Search code examples
spring-bootspring-cloudspring-kafkaspring-cloud-streamspring-cloud-stream-binder-kafka

Multiple ProducerIds are created when there are multiple instances of Producers


In the .yaml file, we have set

spring.cloud.stream.kafka.binder.configuration.enable.idempotence as true.
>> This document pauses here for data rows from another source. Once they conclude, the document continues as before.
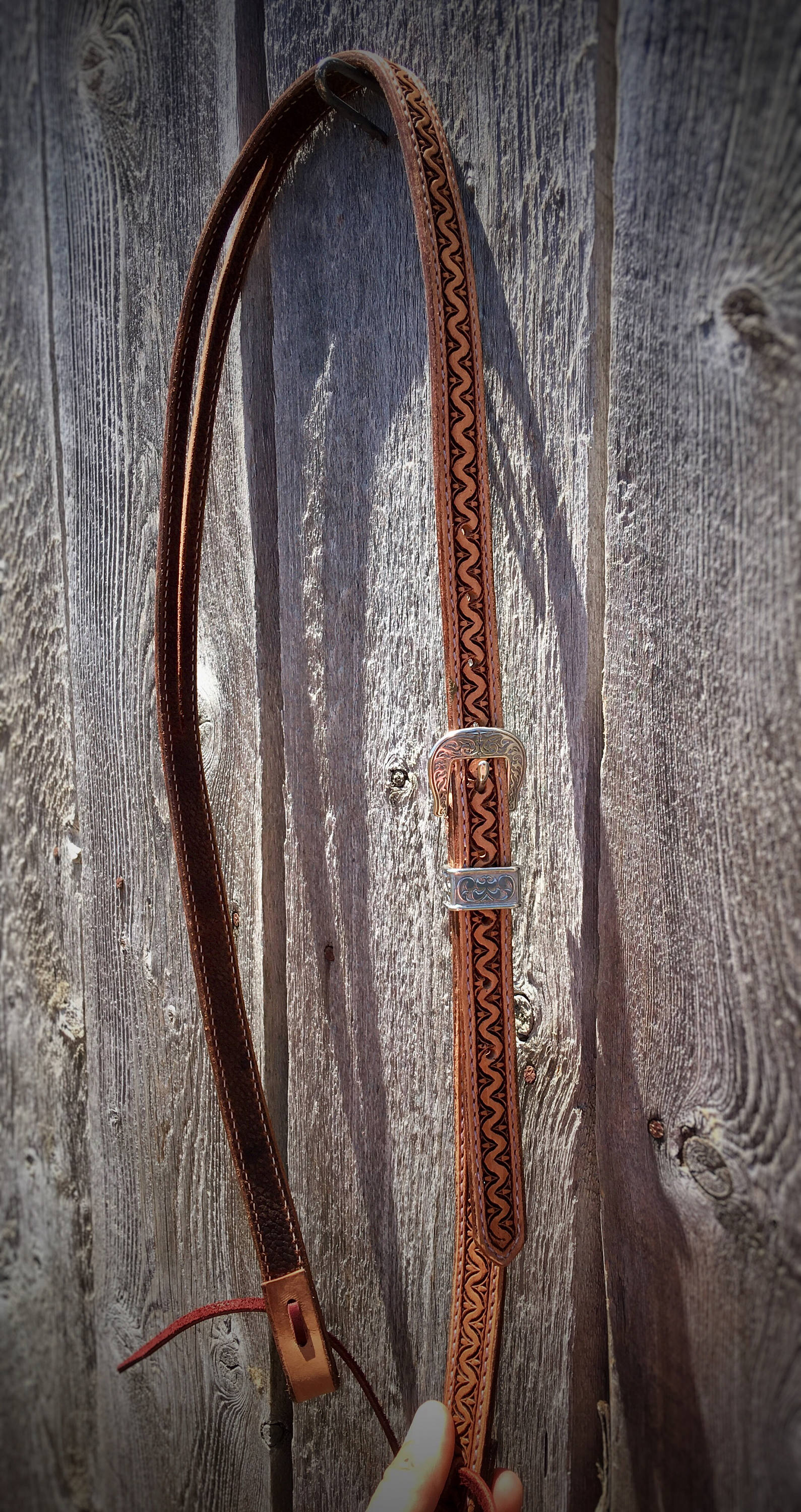 Hand retailer made headstall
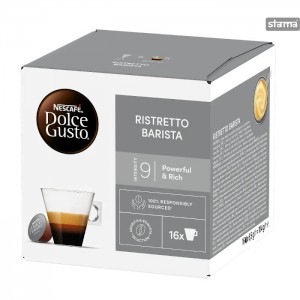 NESCAFEDOLCEGUSTORISTRETTOBARISTA16Caps104g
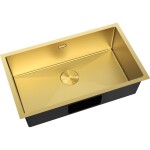 MEXEN - Trixo oceľový drez 1-bowl 750 x 440 mm, zlatá 6415751000-55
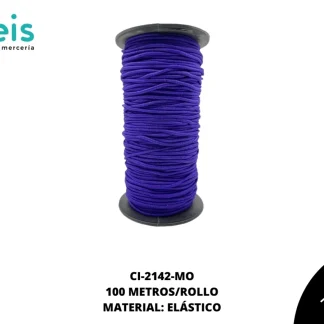 CINTA COLA RATA ELASTICAREF:2.5 MORADO 100 METROS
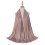 Women's cotton head scarf solid color long wrap 4
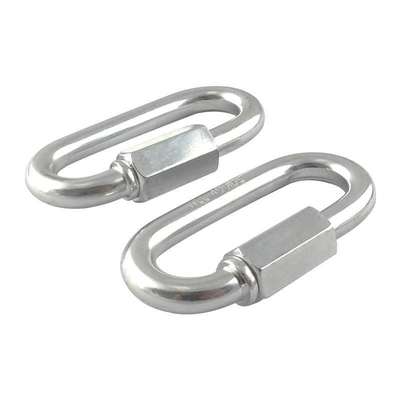 4 mm 5 mm 6 mm gegalvaniseerde ovaal snelle schakel voor rigging hardware OEM aanvaardbaar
Now when the application starts up, we can see a log like

[kafka-producer-network-thread | test_clientId] org.apache.kafka.clients.producer.internals.TransactionManager - [Producer clientId=test_clientId] ProducerId set to 0 with epoch 0

When the first message is being produced to the topic, we can see that another ProducerId is being used as shown in the below log

[Ljava.lang.String;@720a86ef.container-0-C-1] org.apache.kafka.clients.producer.KafkaProducer - [Producer clientId=test_clientId] Instantiated an idempotent producer.
[Ljava.lang.String;@720a86ef.container-0-C-1] org.apache.kafka.common.utils.AppInfoParser - Kafka version : 2.0.1
[Ljava.lang.String;@720a86ef.container-0-C-1] org.apache.kafka.common.utils.AppInfoParser - Kafka commitId : fa14705e51bd2ce5
kafka-producer-network-thread | test_clientId] org.apache.kafka.clients.Metadata - Cluster ID: -9nblycHSsiksLIUbVH6Vw
-9nblycHSsiksLIUbVH6Vw
1512361 INFO [kafka-producer-network-thread | test_clientId] org.apache.kafka.clients.producer.internals.TransactionManager - [Producer clientId=test_clientId] ProducerId set to 1 with epoch 0

Once the ProducerId is set to 1, when any new messages are sent from this application, no new ProducerIds are created.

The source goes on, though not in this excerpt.